AI is already reshaping financial services. In accounting, platforms like Xero and QuickBooks are automating reconciliations and report generation. In wealth management, robo-advisors can design portfolio allocations and rebalance automatically. Commercial lenders use machine learning to underwrite loans and predict defaults with staggering accuracy.
According to a McKinsey report, as much as 40% of time spent on accounting tasks can be automated with existing technologies. The World Economic Forum predicts that 44% of workers’ core skills will change by 2027. The core skills needed will be the need for empathy, communication, and leadership.
If our industry continues to train young professionals solely to follow processes and tick compliance boxes, we are preparing them to be easily replaced. You can’t out-compute a computer.
What machines can’t do (at least not well) is build trust, ask empathetic questions, and guide people through emotionally complex decisions. This is where future professionals must focus their development.
Whether advising a family business, helping a client retire, or guiding a commercial borrower through growth, the role of today’s financial professionals should be more like that of a translator—taking data and analysis and turning it into advice that aligns with someone’s personal or business goals. And more importantly, ensuring the client understands and acts on that advice with confidence.
The best professionals won’t just explain what happened last quarter, they’ll connect the numbers to the human story behind them. They’ll ask: What does this mean for your plans? Are you comfortable with the risk? What’s changing in your life or business?
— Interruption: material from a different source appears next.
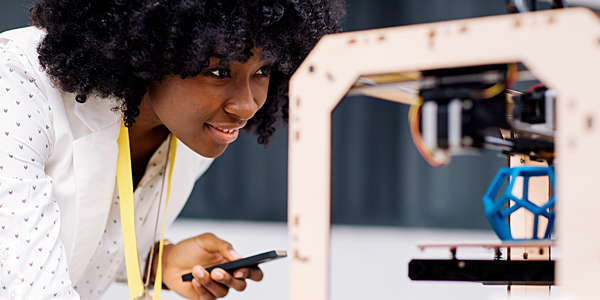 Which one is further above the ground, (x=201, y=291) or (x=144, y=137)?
(x=144, y=137)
So, what exactly should we be teaching?
In many ways, compliance and regulation have made professionals less human. Chained to checklists, many spend more time preparing for audits than they do engaging with clients. But if we keep heading down this path, we’ll find ourselves in a losing race trying to keep pace with machines that will always be faster, cheaper, and more consistent.
It’s time to redefine what makes a great financial professional. Not just someone who gets the numbers right, but someone who makes those numbers matter.
Because in the age of AI, the most irreplaceable skill isn’t technical, it’s human connection.